**Task to complete:** Pictures found in the material must be left out, and every line returned as written.

**Supplied material:**
★ ★ ★ ★ ★ ★ ★

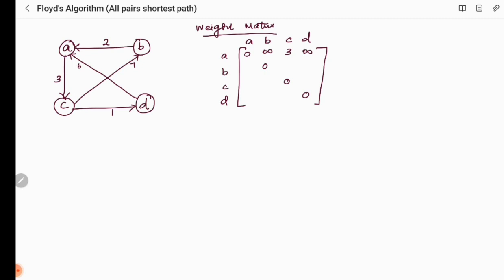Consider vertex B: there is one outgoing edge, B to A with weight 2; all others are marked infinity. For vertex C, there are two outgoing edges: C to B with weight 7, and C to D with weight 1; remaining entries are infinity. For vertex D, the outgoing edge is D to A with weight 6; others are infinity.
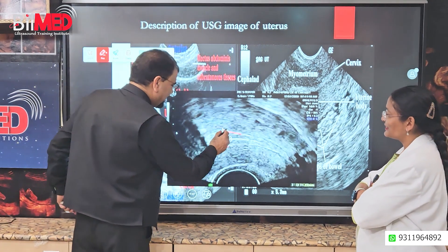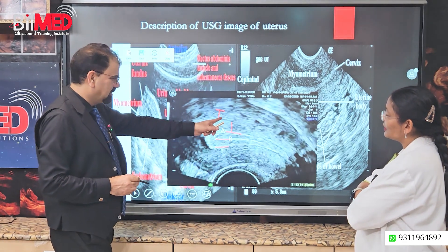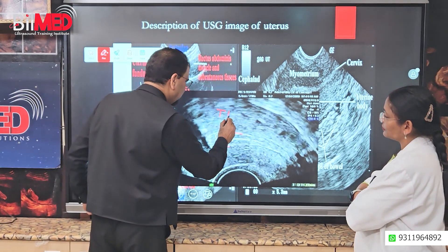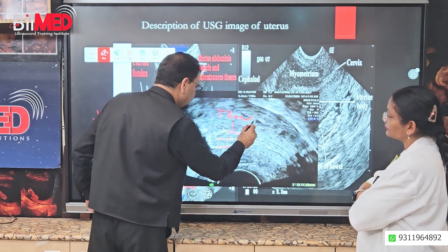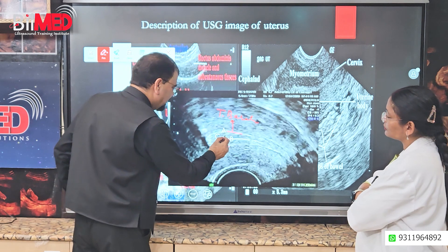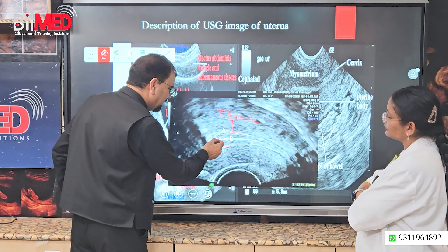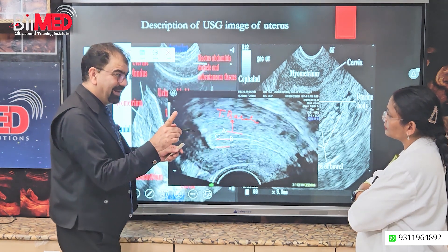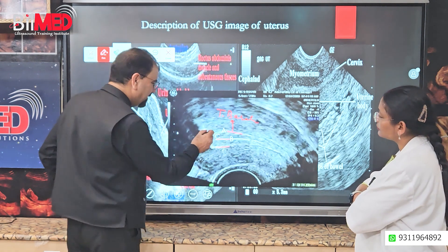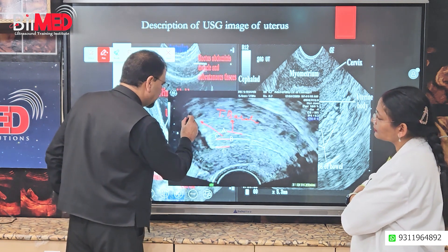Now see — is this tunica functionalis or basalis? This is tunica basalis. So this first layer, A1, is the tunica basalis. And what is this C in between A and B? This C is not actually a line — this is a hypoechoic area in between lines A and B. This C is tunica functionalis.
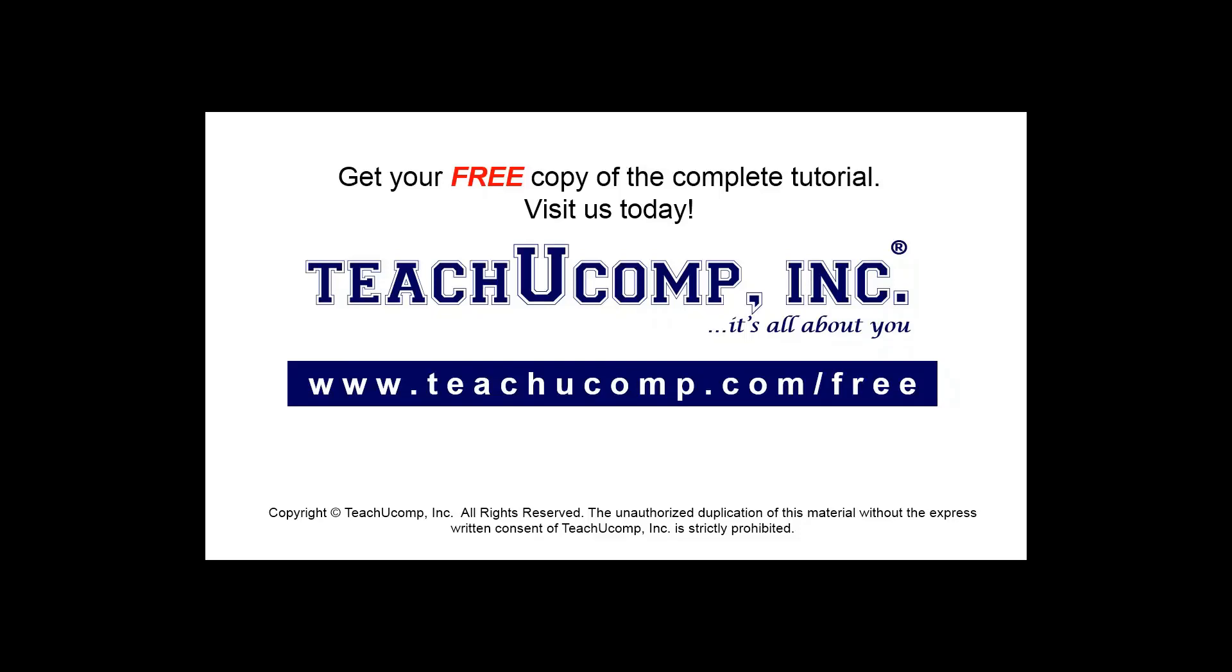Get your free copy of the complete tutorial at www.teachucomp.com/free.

★ ★ ★ ★ ★ ★ ★

**Worked solution:**
Consider vertex B: there is one outgoing edge, B to A with weight 2; all others are marked infinity. For vertex C, there are two outgoing edges: C to B with weight 7, and C to D with weight 1; remaining entries are infinity. For vertex D, the outgoing edge is D to A with weight 6; others are infinity.
Now see — is this tunica functionalis or basalis? This is tunica basalis. So this first layer, A1, is the tunica basalis. And what is this C in between A and B? This C is not actually a line — this is a hypoechoic area in between lines A and B. This C is tunica functionalis.
Get your free copy of the complete tutorial at www.teachucomp.com/free.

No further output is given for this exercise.